I can understand that for people who have seen or used  safety reins or, with respect, for people who have not spent much time trying to walk on a crowded city street with an impetuous 3 or 4 year-old child, the idea of using a "rein" on children is strange, but "safety" is the key word.  
I think people living in busy cities may have a different view from those who live in the suburbs and the country. My mother said she used a safety rein when I was very young so that she could let me develop a sense of independence, to be able to walk and explore safely in a very busy city.

A few people have put forward the idea that reins are not necessary if the children are "well-behaved", but most children are capable of walking and running at least a year or 2 before they are old enough to make consistently good choices about whether or not they should run across the street to get their ball or to play with a cute puppy. My 3 and 4 year-old cousins are very well behaved but a four year-old has limited impulse control.

 There are plenty of other dangers on a busy city sidewalk - let's not forget delivery men wheeling crates on handtrucks on the sidewalk, and people who ride their bicycles on the sidewalk, and seeing-impaired people that your child might run onto and harm, and badly trained dogs, and construction sites, and open manhole covers, etc.  

Has anyone here had the seemingly endless argument with a small child about holding hands while you are out on a walk?  Of course you can "win" an argument with a child, but isn't it a nice idea to avoid having the idea of holding hands turn into a battle- holding hands is supposed to be fun and based in affection.

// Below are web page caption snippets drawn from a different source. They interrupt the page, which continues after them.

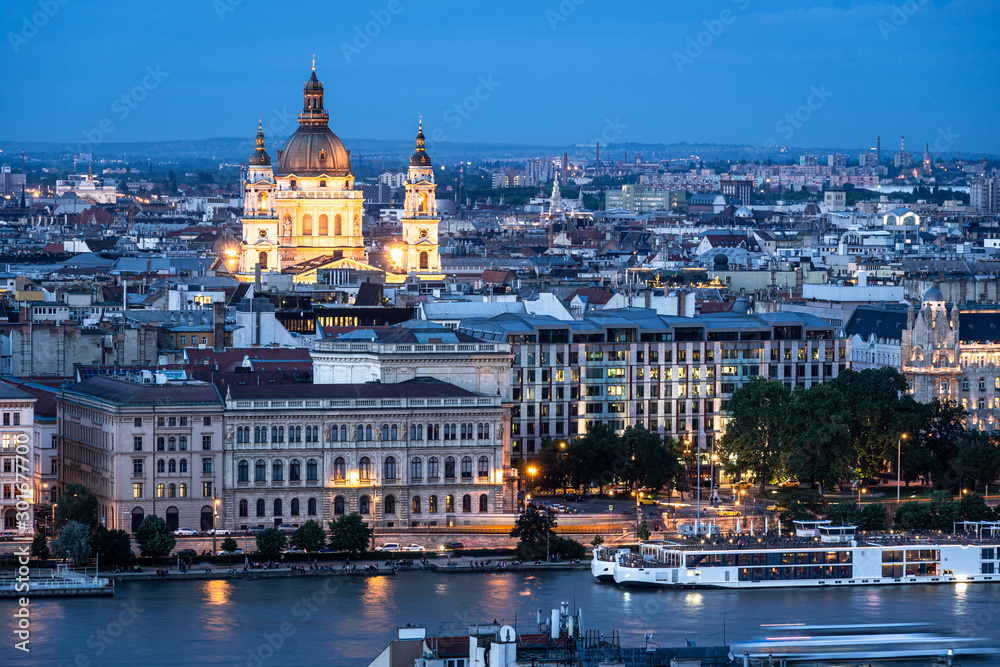 Fototapeta premium Twilight over the St. Stephen's Basilica and Budapest skyline by the Danube river in Hungary capital city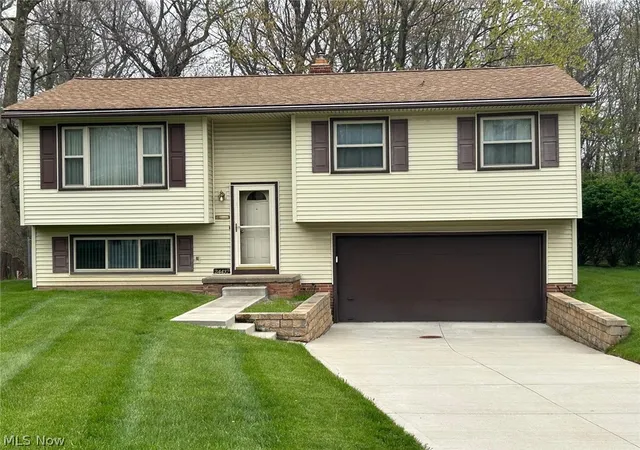 Homes for sale in Bedford Heights, OH | 24437 Ridgeline, Bedford Heights, OH 44146 | MLS# 5206356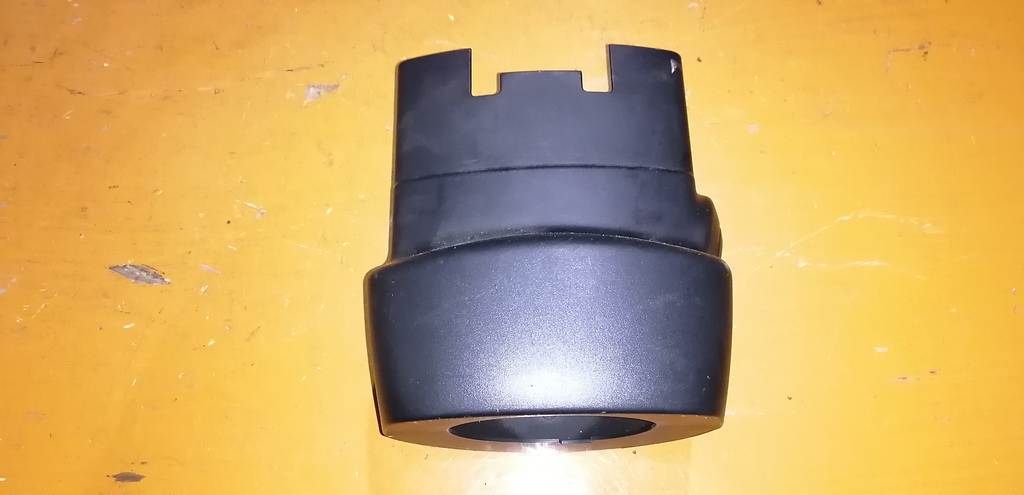 кожух рулевой колонки Subaru Impreza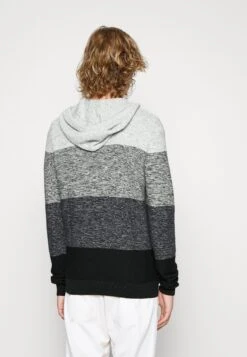 Pier One Strikkegenser - Grey 9 Pier One Strikkegenser - Grey -Pier One 7da42d23a4224f008b7aa613710692f7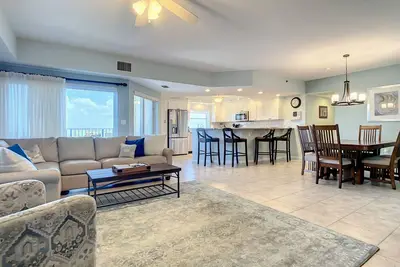 Image de Stunning Corner at Oceanwalk | Resort Style Amenities | Ow10-401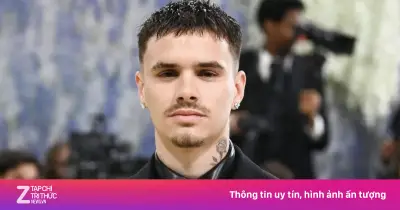 Romeo Beckham lần đầu dự Met Gala, vợ chồng Brooklyn vắng mặt vì mâu thuẫn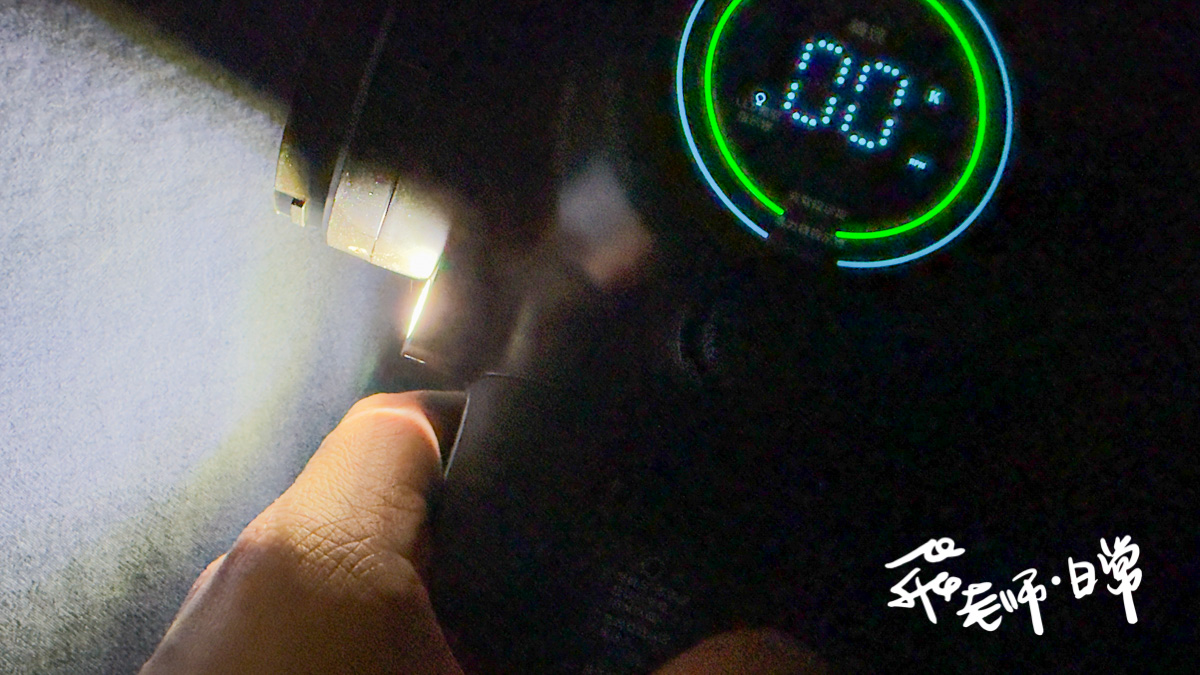 東京電通極速暴力吹塵機評價-高CP值風機實測-多功能暴力風機分享-USB充電強風機分享-露營免插電清潔神器-循環扇清潔救星-飛老師實測Vornado循環扇清潔後的真實心得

And one forer@ already mentioned the height difference between an adult and a small child - it is no better for an adult to be constantly leaning over to hold onto a childs hand than it is for a child to have their arm held up in the air as a handle for long periods of time. My cousin is 6' 3" tall and his 4 year old and 3 year old children are far less than 3' tall - what should he do - make them ride in a stroller when they want to be walking instead, or strain their arms and develop a hunchback for himself?

If you live somewhere with fewer dangers and obstacles for small children then of course safety reins wouldn't be necessary and may seem unpleasant but consider that not everyone lives where you live but their children want to run around just as much as yours do.


----------



## alexacohen

Lusitania said:


> Anyway, the thread is on Leashes which are more for pets, if it's about Reins we are talking about another thing, which is riding a child like a horse.
> 
> I agree Alexa that we shouldn't be judgemental but what I don't want is that some day in my country I cannot go for a walk with my children without a leash or I'm a bad parent.
> 
> I have a large, large family and nobody had to wear a leash or was run over by a car. We were all taugh about dangers and there was always an adult looking after us.
> And I don't think that it can be compared to a babies car or babies kangoroos.


Lusitania,
No one, ever, has said that not using leashes/reins or whatever you want to call them, makes anyone a bad parent. 
Each parent know what is better.
I have no doubt there will be some parents that will abuse it, as there will be some parents that will keep their children strapped onto their pushchairs for hours on end. I met parents who took their babies to pubs full of smoke, mind you, without leashes.
My blind friend used leashes with her three children, aged 4,3,2.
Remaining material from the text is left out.